Die Gestaltung der Sportjacken verweist auf unterschiedliche kulturelle Sphären und die Herkunft der traditionellen Muster. Da scheinen die textilen Designs kaukasischer Teppiche bis hin zu jenen von Navajo-Decken durch. Einige der cleanen Puppen, die sie tragen, schauen in den Raum. Dabei fällt ihr leerer Blick auf eine farblich schillernde Tapisserie von 2012 namens „Taping Precognitive Tribes“, in der alle in der Ausstellung vorkommenden Farben verwebt sind, während einer der männlichen Figurengruppe hinaus auf die Stadt schaut. Diese Puppen stellen eine Beziehung zwischen Werk und Betrachter, zwischen Museum und der Stadt, zwischen Außenraum und Innenraum her.

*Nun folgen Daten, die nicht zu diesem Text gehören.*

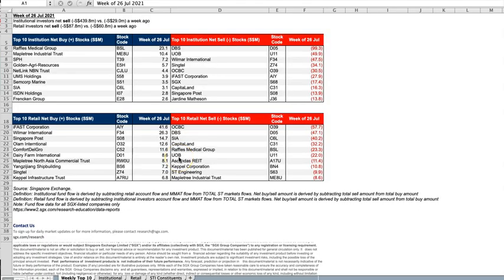Hi, it's Binnie here. Binnie from Online Forex Master. Today I want to talk about the use of the SGX fund flow.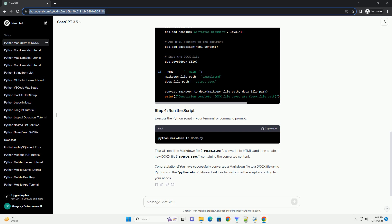Markdown is a lightweight markup language commonly used for formatting plain text. Docs, on the other hand, is a file format created by Microsoft Word. In this tutorial, we will explore how to convert Markdown to Docs in Python using the Python Docs library. Firstly, you need to install the Python Docs library. Open your terminal or command prompt and run the following command.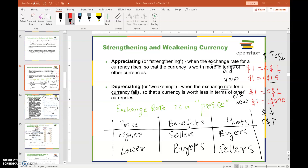By depreciating currency we mean the currency can buy less foreign currency. For example, if the initial exchange rate is one dollar equal to one Canadian dollar and the new exchange rate is one dollar equal to 0.90 Canadian dollars, the dollar can buy less foreign currency, so the dollar has gone down in value or depreciated. When the dollar goes up, the Canadian dollar goes down, and vice versa — when comparing two currencies, one is always going up and the other is always going down.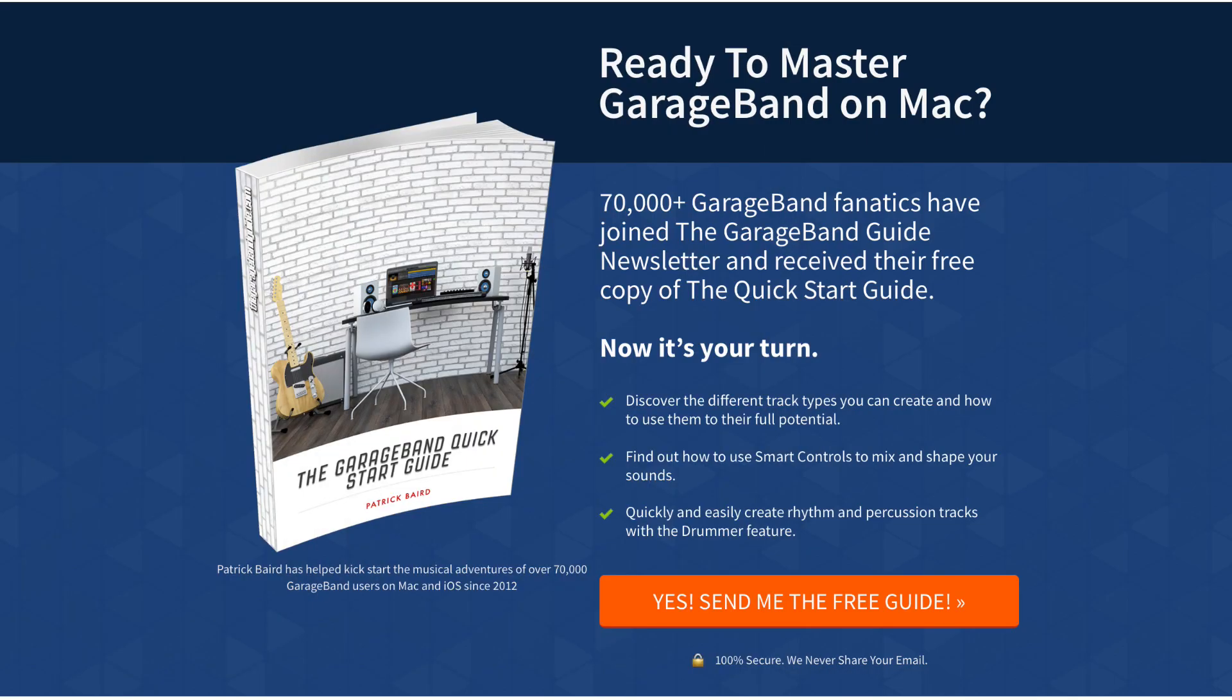So there you have it. Those are my top tips to help you mix great sounding vocals in GarageBand. If you're just getting started with GarageBand on Mac or just want a refresh on the basics, you can grab my quick start guide absolutely free. I'll put a link to that down below. I've been Patrick from TheGarageBandGuide.com. Thanks for watching and I'll see you next time. Bye for now.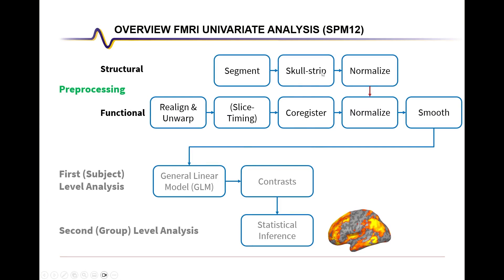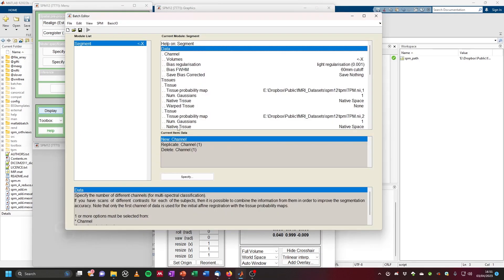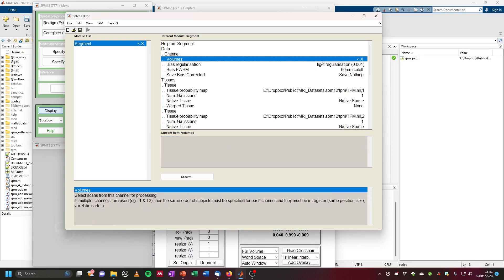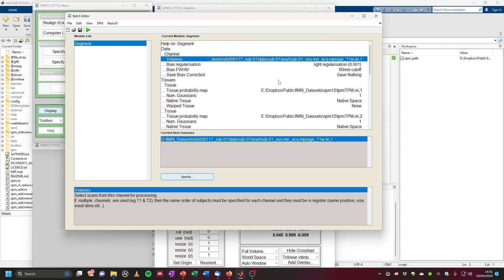Now we want to pre-process this structural image. As mentioned, structural pre-processing involves segmentation, skull stripping, and normalization. Let's start with segmentation. In SPM, click on segment and the batch editor will open. The first thing we want to do is select our structural image as the volume — click on volumes, then specify, paste the folder path, select the T1-weighted image, and click done. Now it's selected as the volume we want to segment.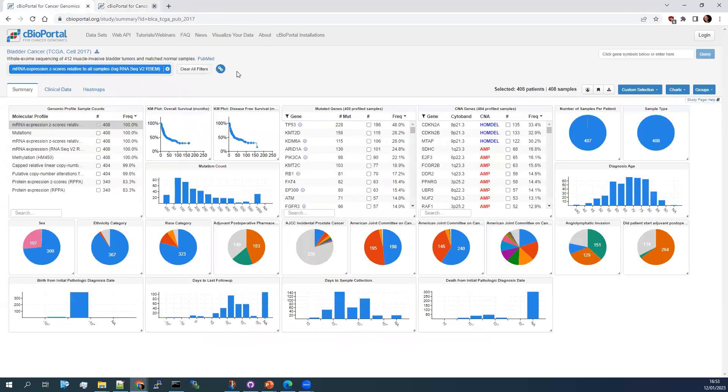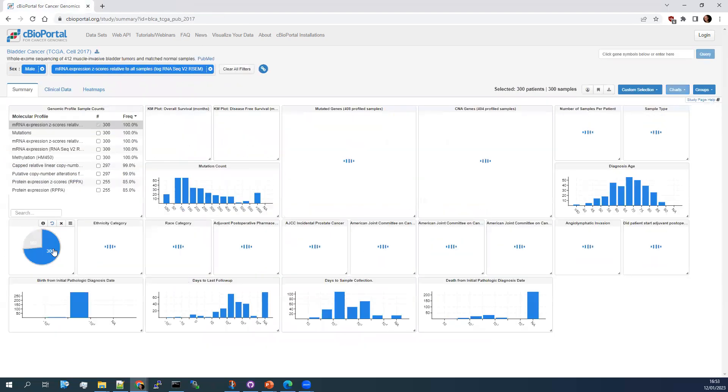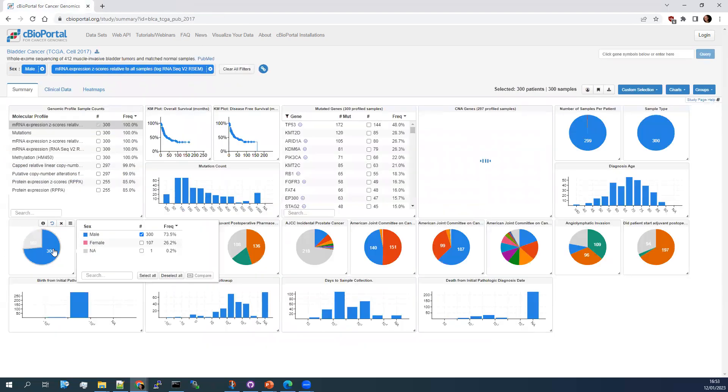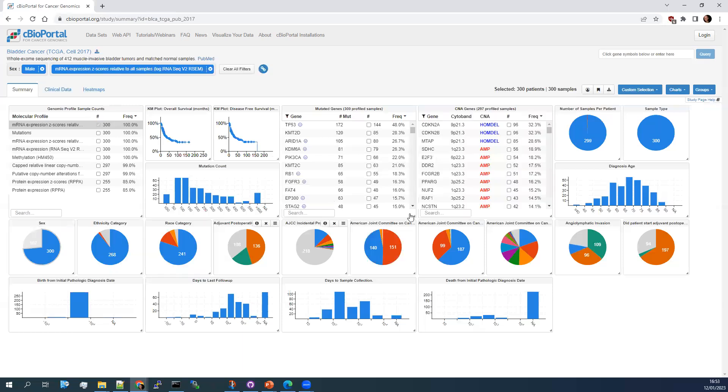So if we go back to the dashboard again, just like with the mutations before, if you were to click on, say, male and then it refilters everything, gives you different frequencies as before.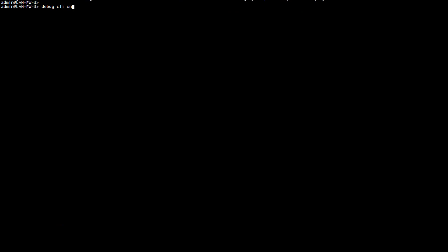I'm now going to show you how to quickly get the correct syntax of operational commands for your API call. For this you need to be on the firewall for a bit. I'm using the debug CLI on command for this method. Once this is done, you will see that each time I execute a command, I get the corresponding syntax for the XML API.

So sind die Exponate der Ausstellung im wahrsten Wortsinn miteinander verknüpft und verwoben: die Farben der Muster der „Fong-Leng“-Sportkleidungskollektion werden von den farblich abgestimmten Fäden der „Weavings“, der monochrom erscheinenden gewebten riesengroßen Bilder, wieder aufgenommen. Deren subtile Verläufe und minimale Strukturen schärfen den Blick des Betrachters auf differenzierteste Farbwerte, wobei der changierende Eindruck der großen monochromen Flächen durch die Kett- und Schussfäden entsteht, die aus unterschiedlichen Einzelfäden gedreht wurden.

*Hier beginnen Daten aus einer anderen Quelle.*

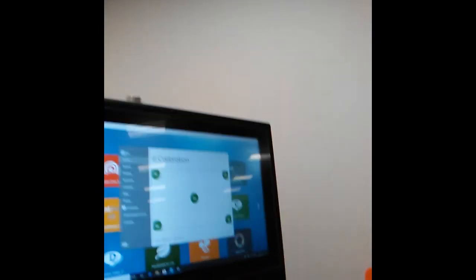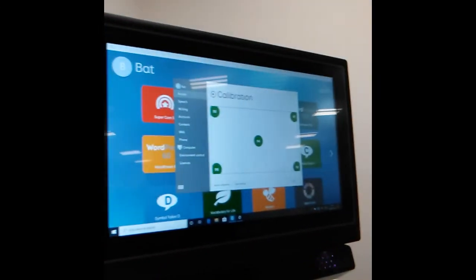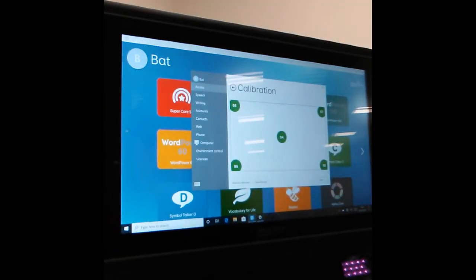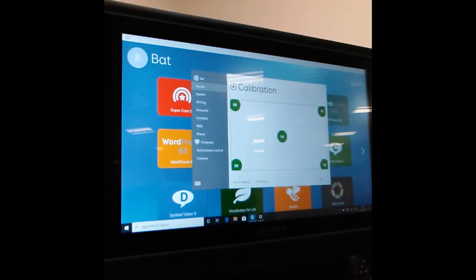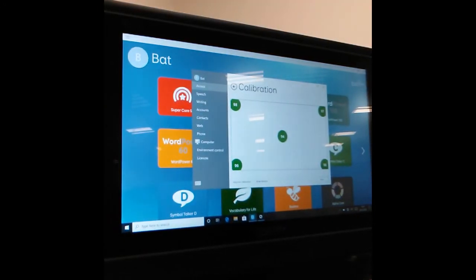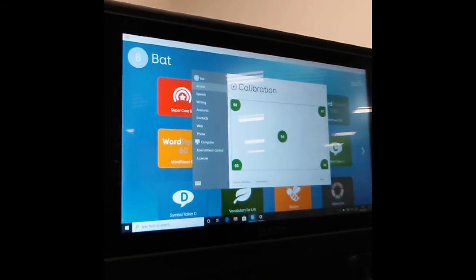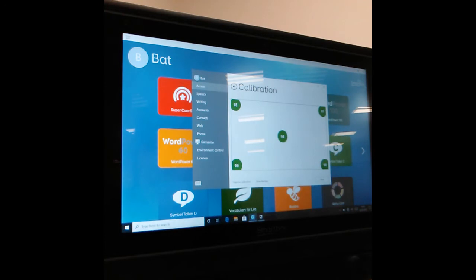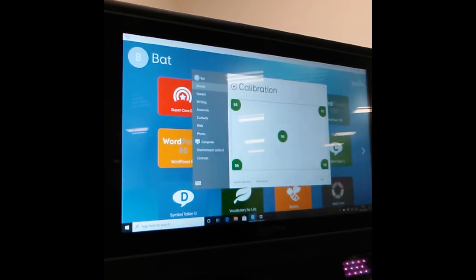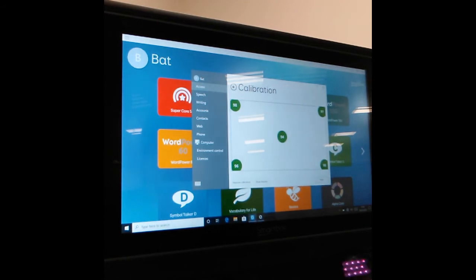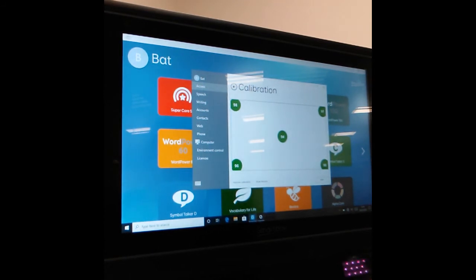You will then get a score. Because they are all green, that means that it's calibrated fairly well. Sometimes that can differ but it still would work fairly well for the client. If it is red, that usually means it's not a great calibration, but it might still work so it is still worth trying.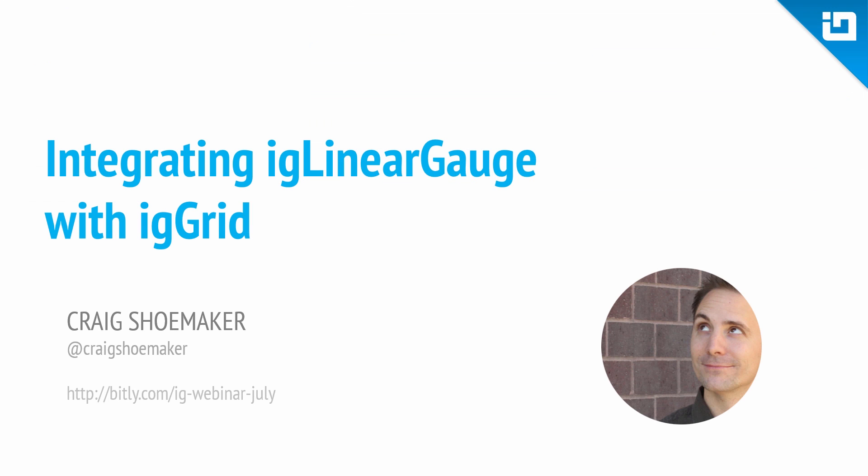Thanks again for watching. If you want to ask me questions or follow up on Twitter, you can find me at Craig Shoemaker. And again, for that code download on GitHub, make sure to check out bit.ly/ig-webinar-july. Thank you.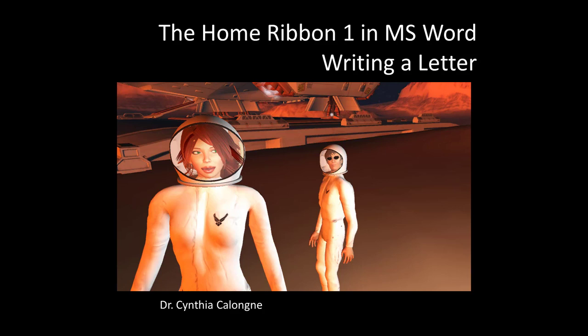Hi everyone, this is Dr. C and this is the Home Ribbon 1 in Microsoft Word writing a letter.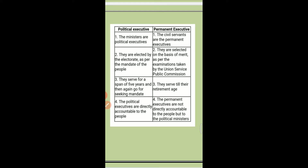Second: the political executives are elected by the electorate as per the mandate of the people — the people elect the political executives. But the permanent executives are selected on the basis of merit, as per the examination taken by the UPSC.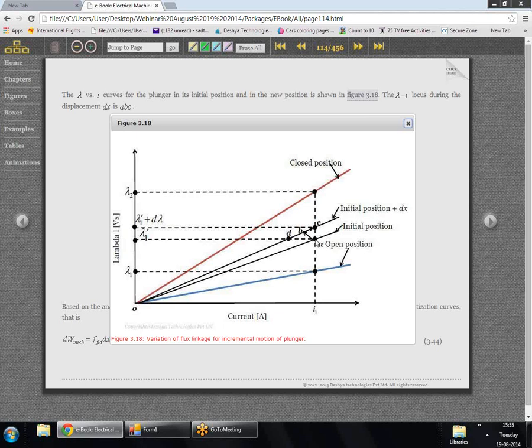Similarly, we can assume the operating point goes from a to d instead of a to b — that means we assume the displacement takes place at constant λ. The error introduced would be area abd, and again for extremely small displacement this area can be made very small. So for extremely small displacements we can assume either constant current or constant flux motion.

(li.): Bouquet IV, 2005, Installationsansicht MMK 2016, MMK Museum für Moderne Kunst Frankfurt am Main; Foto: FeuilletonFrankfurt
(re.): Fong Leng Sportswear, ca. 1985-1995, Installationsansicht MMK Museum für Moderne Kunst Frankfurt am Main 2016, Courtesy of the artist; Foto: Axel Schneider
De Rooij hat sie in einer kleinen Weberei in der Nähe von Potsdam weben lassen. Und nur auf den ersten Blick scheinen die 18 ebenso großformatigen Collage-Tafeln „Index“ im Eingangsbereich, die in sozialem, kulturellem oder politischem Kontext stehen, nichts mit dieser Werkgruppe zu tun zu haben, ebenso wenig wie die kleinen Exponate und Filme in den Kabinetten mit den „Hidden Places“, Loops und Fotografien aus früherer Zeit oder aber mit den opulent arrangierten Blumenbouquets, die an verschiedenen Stellen in der Schau als Blickfang inszeniert sind.
Betrachten wir nur einmal die Farbe selbst. Sie ist für den Künstler sowohl materiell wie auch symbolisch aufgeladen. Nicht nur die Räume sind strahlend weiß und pur, auch in den Blumensträußen ist die Basis jeweils eine weiße Blume, die in verschiedenen Blumenarten und -ausprägungen vorkommen kann.
Taping Precognitive Tribes, 2012, Installationsansicht MMK Museum für Moderne Kunst Frankfurt am Main 2016, Courtesy Friedrich Christian Flick Collection Hamburger Bahnhof, Berlin. Foto: Axel Schneider
In einem der Kabinette wiederum zeigt eine Diaprojektion aus dem Jahre 2005 die Farbe „Orange“ in 81 monochromen Variationen. Der Begleittext diskutiert Assoziationen verschiedener politischer Couleurs der Orange-Töne, angefangen bei den Gefangenen der Guantánamo Bay über das niederländische Königshaus, die Oranjes, bis hin zum Fußball oder den nationalistischen Tendenzen in Holland. Und auch ganz real gibt diese Farbe in fotografischen Materialien wie Zelluloid Hauttönen einen unrealistischen Stich. So entstand eine Loop-Projektion mithilfe eines Orange-Filters, der in der Schwarzweiß-Fotografie zur Verstärkung von Kontrasten eingesetzt wird.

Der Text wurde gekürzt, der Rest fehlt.